Exact copies of the lines below, from the one with "Des Minis Pattes" up to and including the one with "Alligator Skins", are what this calls for; leave out pictures.

### Input records
[Start of Attachment]

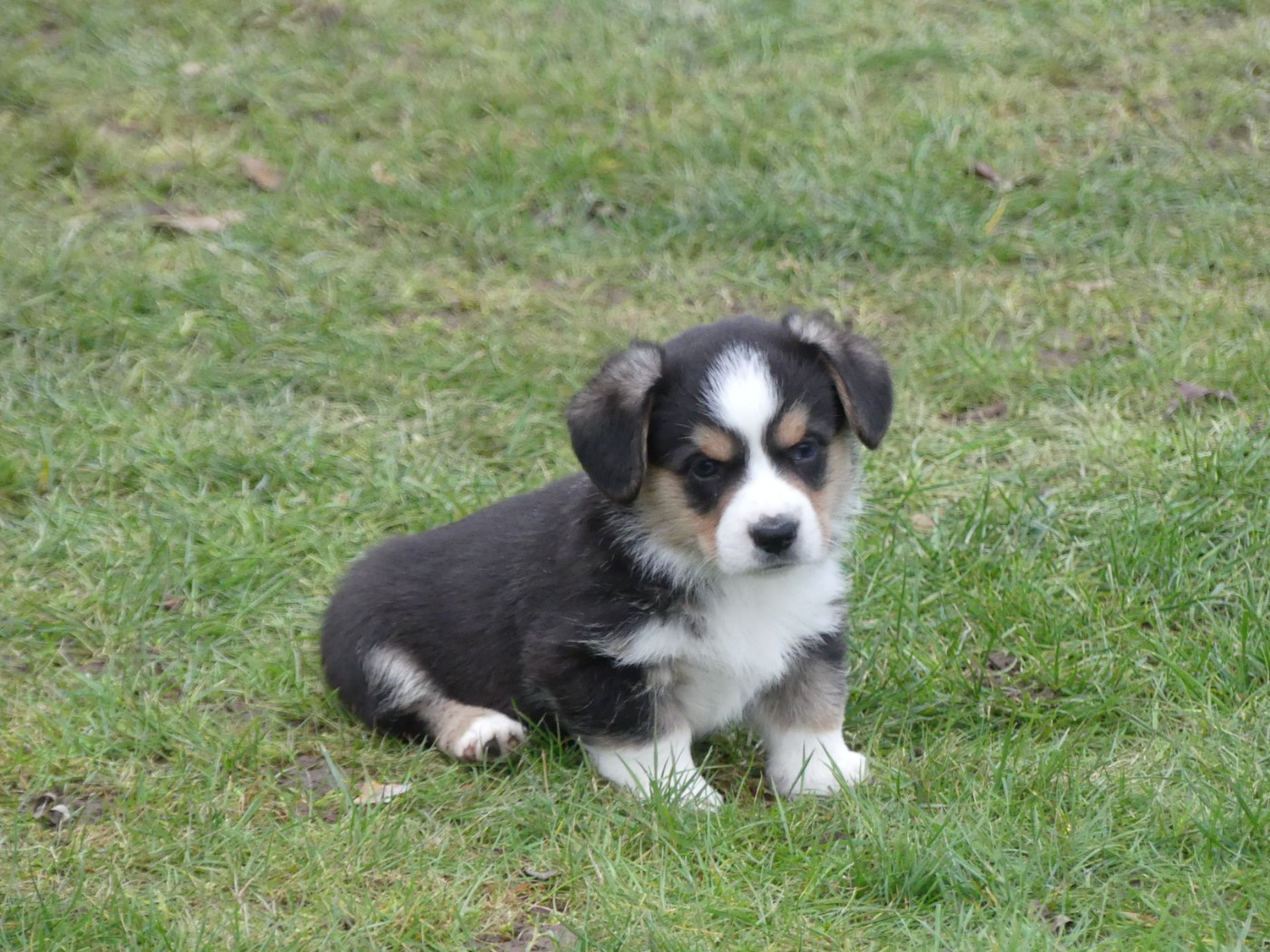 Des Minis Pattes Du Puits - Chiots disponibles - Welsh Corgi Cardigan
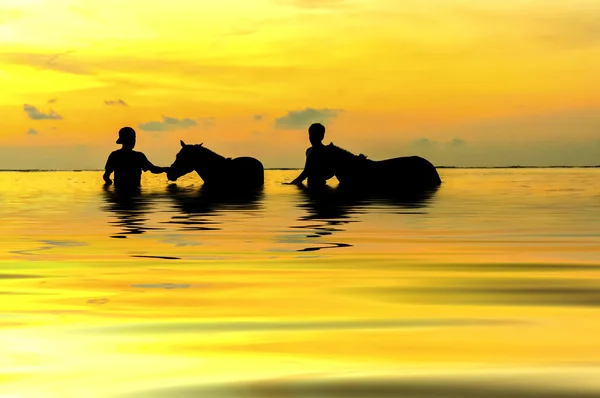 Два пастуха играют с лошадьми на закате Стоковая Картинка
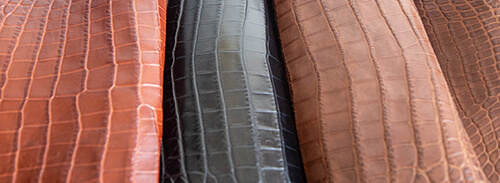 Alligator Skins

[End of Attachment]
[Start of Attachment]

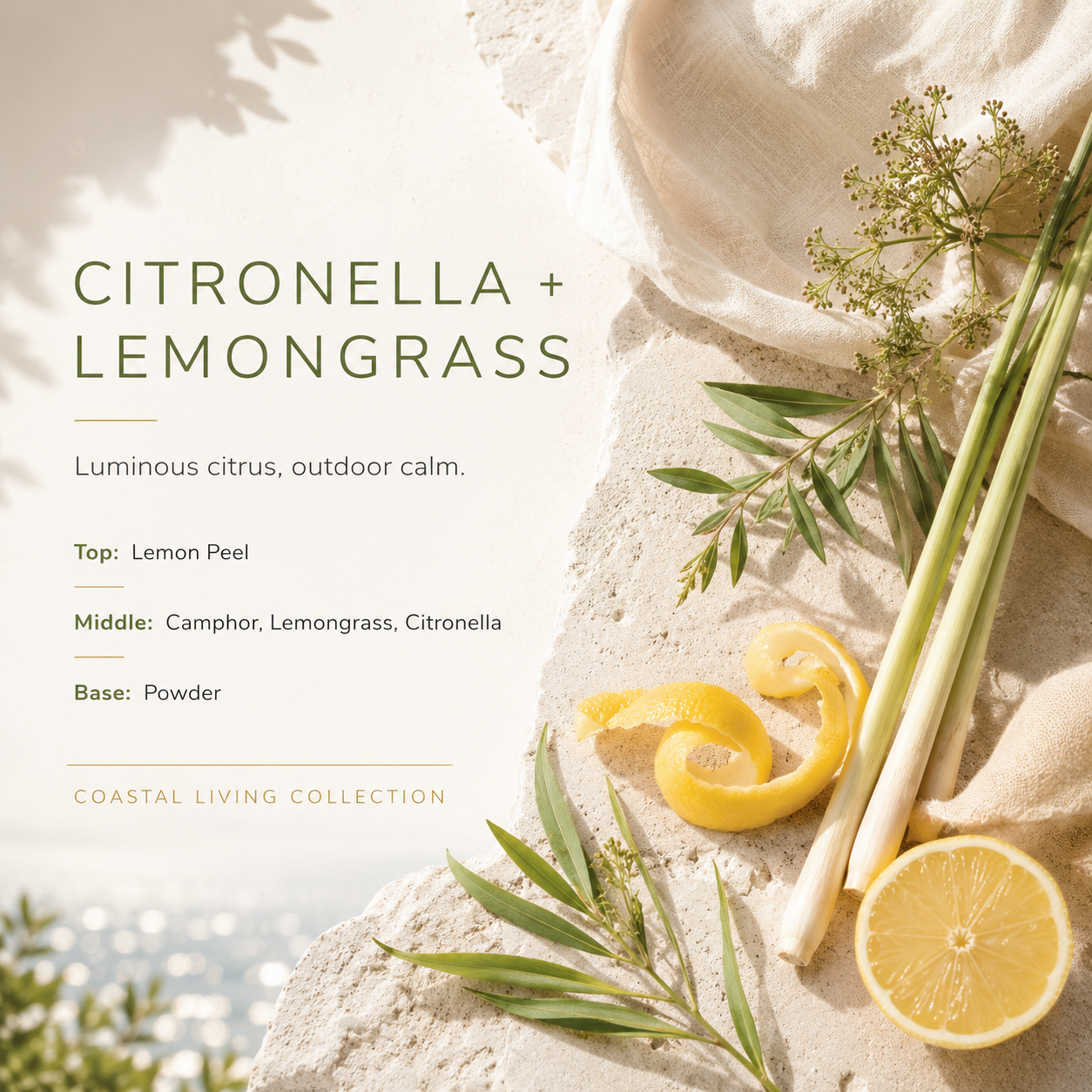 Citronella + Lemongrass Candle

[End of Attachment]
[Start of Attachment]

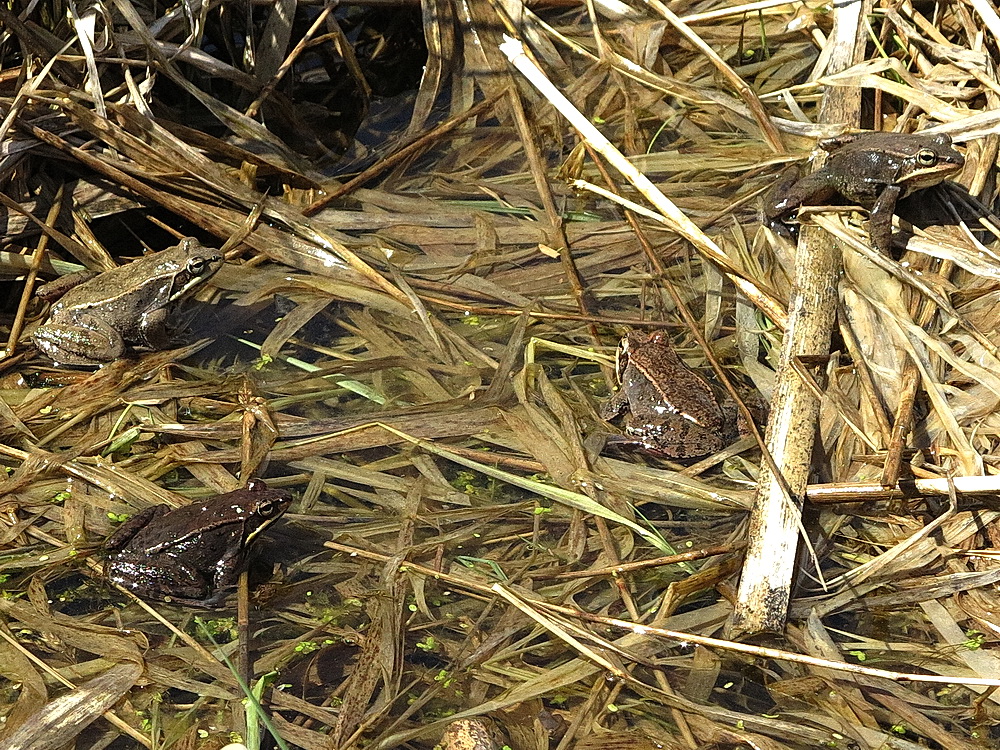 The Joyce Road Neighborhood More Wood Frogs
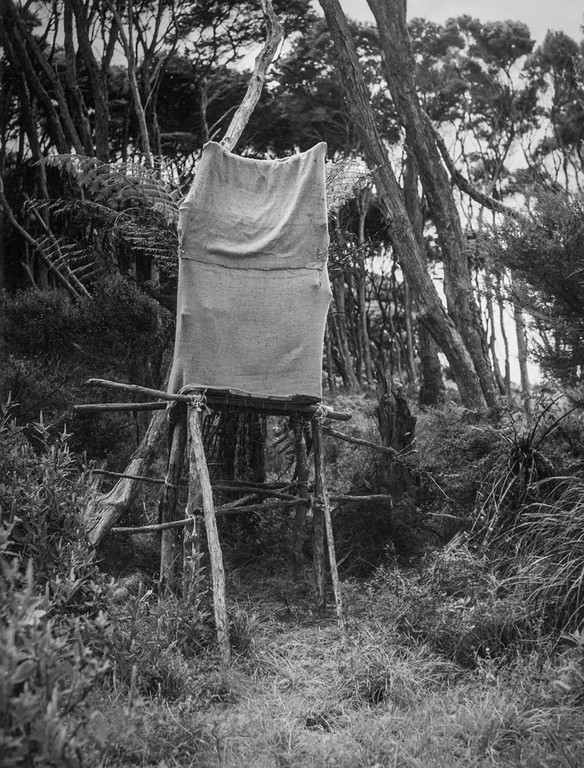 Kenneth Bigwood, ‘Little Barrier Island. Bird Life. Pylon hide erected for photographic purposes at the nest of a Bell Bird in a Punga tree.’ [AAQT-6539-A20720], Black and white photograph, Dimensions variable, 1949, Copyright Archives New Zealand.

[End of Attachment]

### Answer section
 Des Minis Pattes Du Puits - Chiots disponibles - Welsh Corgi Cardigan
 Два пастуха играют с лошадьми на закате Стоковая Картинка
 Alligator Skins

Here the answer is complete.